宇宙エレベーターがいつか実現?
【2000年9月8日 NASA Space Science News (2000.9.7)】
「みなさん、NASAの《ミレニアム-2宇宙エレベーター》へのご搭乗、ありがとうございます。このエレベーターはまず月軌道のプラットフォームに停車し、その後《ニュー・フロンティア宇宙コロニー》団地に向かいます。乗車時間はおよそ5時間です。どうぞお座りになって窓からの景色をお楽しみください。上昇するにつれて、地平線はだんだん丸くなり、空は紺碧から漆黒へと変わってゆきます。きっとみなさんが見てきた中でも格別の光景となるでしょう。」
まるでSF番組か、小説『楽園の泉(Fountains of Paradise)』(アーサー・C・クラーク作)のような話だが、これは架空の話ではない。この「宇宙エレベーター」は、21世紀の長距離宇宙交通の手段として、研究者の間でまじめに検討されているのである。

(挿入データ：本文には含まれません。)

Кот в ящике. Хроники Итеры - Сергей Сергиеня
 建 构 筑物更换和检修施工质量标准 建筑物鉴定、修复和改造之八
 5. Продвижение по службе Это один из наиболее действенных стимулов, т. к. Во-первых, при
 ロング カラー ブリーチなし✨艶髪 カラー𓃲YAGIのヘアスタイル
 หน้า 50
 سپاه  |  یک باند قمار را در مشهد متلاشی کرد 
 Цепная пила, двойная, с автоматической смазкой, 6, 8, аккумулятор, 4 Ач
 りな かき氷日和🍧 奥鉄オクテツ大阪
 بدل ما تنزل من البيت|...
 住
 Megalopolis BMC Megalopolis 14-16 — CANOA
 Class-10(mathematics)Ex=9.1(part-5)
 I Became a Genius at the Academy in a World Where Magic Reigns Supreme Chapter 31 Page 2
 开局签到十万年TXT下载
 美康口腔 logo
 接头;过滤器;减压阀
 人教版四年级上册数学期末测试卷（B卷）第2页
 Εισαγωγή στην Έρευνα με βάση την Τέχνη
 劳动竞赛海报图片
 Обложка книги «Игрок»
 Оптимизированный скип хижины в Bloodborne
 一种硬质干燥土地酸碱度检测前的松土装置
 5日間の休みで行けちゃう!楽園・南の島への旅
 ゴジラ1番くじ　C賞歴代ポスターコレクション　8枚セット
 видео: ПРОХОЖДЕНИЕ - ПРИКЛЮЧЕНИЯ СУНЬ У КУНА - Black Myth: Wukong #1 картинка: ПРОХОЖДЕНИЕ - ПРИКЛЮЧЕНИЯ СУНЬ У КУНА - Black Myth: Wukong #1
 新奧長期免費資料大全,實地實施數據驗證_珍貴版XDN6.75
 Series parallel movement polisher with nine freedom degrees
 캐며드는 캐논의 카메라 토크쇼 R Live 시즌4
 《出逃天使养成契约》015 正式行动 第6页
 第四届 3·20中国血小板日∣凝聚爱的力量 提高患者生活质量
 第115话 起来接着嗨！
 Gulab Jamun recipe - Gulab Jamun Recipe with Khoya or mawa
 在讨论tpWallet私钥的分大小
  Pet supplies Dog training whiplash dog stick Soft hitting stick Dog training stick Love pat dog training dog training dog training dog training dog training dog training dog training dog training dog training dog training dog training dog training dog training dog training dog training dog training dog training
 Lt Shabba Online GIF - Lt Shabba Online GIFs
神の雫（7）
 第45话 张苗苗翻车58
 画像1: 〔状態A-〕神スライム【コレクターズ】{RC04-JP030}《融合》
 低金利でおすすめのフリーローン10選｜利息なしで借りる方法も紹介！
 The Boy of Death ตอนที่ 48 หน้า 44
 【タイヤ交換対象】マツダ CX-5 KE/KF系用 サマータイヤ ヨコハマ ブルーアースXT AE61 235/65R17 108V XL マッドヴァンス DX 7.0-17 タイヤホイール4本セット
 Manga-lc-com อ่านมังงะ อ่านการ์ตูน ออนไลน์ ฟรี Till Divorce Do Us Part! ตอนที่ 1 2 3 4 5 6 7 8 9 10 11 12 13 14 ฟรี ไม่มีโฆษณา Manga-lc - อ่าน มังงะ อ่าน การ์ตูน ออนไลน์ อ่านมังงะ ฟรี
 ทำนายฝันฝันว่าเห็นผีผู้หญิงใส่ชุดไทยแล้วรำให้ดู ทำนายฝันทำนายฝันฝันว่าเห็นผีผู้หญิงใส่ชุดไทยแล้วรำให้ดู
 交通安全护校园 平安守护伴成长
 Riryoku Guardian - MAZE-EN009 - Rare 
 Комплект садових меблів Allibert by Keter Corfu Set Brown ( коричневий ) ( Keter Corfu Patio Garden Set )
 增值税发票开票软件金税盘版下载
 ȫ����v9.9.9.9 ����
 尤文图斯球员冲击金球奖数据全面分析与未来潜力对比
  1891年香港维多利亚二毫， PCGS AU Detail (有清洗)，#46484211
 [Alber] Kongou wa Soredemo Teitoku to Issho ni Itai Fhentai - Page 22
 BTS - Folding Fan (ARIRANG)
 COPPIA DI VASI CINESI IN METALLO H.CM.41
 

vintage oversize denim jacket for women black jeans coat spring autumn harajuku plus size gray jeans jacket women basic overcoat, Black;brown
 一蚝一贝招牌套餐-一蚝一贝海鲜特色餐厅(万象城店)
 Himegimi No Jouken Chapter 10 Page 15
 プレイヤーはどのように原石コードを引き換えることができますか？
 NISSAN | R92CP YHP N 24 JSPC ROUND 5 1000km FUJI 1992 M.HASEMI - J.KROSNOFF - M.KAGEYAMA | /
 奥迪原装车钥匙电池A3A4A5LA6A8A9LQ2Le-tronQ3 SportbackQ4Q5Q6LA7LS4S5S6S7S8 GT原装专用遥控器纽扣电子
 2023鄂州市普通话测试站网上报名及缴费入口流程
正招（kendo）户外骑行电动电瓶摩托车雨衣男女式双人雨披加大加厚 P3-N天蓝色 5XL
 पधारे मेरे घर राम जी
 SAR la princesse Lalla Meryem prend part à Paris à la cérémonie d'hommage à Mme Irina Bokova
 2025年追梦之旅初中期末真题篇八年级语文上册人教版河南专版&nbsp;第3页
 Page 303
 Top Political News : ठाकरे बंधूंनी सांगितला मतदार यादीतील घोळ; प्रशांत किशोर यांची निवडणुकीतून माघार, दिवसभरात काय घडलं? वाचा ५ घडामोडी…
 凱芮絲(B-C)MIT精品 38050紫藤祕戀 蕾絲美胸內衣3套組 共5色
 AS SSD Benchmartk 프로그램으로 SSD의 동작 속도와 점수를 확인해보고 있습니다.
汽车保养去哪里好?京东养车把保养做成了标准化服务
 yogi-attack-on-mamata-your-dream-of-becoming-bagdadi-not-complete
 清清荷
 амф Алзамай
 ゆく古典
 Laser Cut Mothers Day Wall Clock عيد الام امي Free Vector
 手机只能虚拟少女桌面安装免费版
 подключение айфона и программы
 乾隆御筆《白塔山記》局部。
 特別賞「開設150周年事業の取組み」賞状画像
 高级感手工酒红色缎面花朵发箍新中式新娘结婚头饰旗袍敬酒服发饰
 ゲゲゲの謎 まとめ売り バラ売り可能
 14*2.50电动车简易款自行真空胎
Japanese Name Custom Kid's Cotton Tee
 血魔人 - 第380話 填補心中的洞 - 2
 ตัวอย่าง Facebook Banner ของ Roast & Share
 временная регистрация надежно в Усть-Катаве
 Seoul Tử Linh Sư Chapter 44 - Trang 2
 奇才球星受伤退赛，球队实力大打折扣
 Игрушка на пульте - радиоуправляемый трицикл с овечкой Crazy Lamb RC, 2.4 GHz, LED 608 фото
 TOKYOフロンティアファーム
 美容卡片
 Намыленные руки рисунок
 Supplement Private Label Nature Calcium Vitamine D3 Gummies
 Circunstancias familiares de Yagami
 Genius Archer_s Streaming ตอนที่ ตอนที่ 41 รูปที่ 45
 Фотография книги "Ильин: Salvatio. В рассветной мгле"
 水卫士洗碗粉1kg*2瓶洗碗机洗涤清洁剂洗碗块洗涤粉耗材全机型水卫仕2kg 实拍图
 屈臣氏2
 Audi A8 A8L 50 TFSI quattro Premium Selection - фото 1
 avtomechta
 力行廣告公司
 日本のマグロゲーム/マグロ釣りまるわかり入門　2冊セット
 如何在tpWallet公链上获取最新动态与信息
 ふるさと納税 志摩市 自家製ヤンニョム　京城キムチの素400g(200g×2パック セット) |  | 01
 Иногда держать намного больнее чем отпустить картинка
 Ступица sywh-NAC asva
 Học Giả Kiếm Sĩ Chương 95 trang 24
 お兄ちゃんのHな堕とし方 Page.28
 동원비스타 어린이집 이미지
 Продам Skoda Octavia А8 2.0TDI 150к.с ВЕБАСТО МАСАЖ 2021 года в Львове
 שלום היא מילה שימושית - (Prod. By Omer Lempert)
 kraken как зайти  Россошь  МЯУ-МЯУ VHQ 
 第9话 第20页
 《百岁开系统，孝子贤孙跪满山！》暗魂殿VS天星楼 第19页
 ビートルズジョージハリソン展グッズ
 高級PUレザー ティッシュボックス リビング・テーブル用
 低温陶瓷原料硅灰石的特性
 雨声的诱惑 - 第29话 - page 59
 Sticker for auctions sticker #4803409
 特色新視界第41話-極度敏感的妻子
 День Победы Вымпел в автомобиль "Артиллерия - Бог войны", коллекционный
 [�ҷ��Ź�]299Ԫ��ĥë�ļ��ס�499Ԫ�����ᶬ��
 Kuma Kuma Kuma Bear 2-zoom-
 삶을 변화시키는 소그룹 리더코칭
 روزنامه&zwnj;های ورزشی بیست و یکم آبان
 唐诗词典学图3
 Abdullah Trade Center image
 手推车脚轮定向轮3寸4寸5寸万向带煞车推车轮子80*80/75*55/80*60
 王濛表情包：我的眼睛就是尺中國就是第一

NASAのマーシャル宇宙飛行センター・先端計画室のDavid Smitherman氏は、『宇宙エレベーター 〜 新千世紀のための地球と宇宙を結ぶ先端交通インフラ 〜 (Space Elevators: An Advanced Earth-Space Infrastructure for the New Millennium)』と題された資料を公開した。これは、昨年マーシャル宇宙センターで開催された、宇宙インフラに関するカンファレンスにおいて発表されたさまざまな研究成果を編集してまとめたものだ。
「これはもう、SFの話ではないのです。」Smitherman氏は語る。「私たちが行なった研究により、それは充分に実現可能らしいということがわかりました。」
宇宙エレベーターは本質的には、地球から宇宙にのびる、長大なケーブルで、高度35,786kmの静止衛星軌道に重心を持つ。そしてそのケーブルを伝って走る電磁移動機は、地球と宇宙を結ぶ大規模輸送システムとして活用でき、またケーブルは地球〜宇宙間の電力送信にも用いることができるというものだ。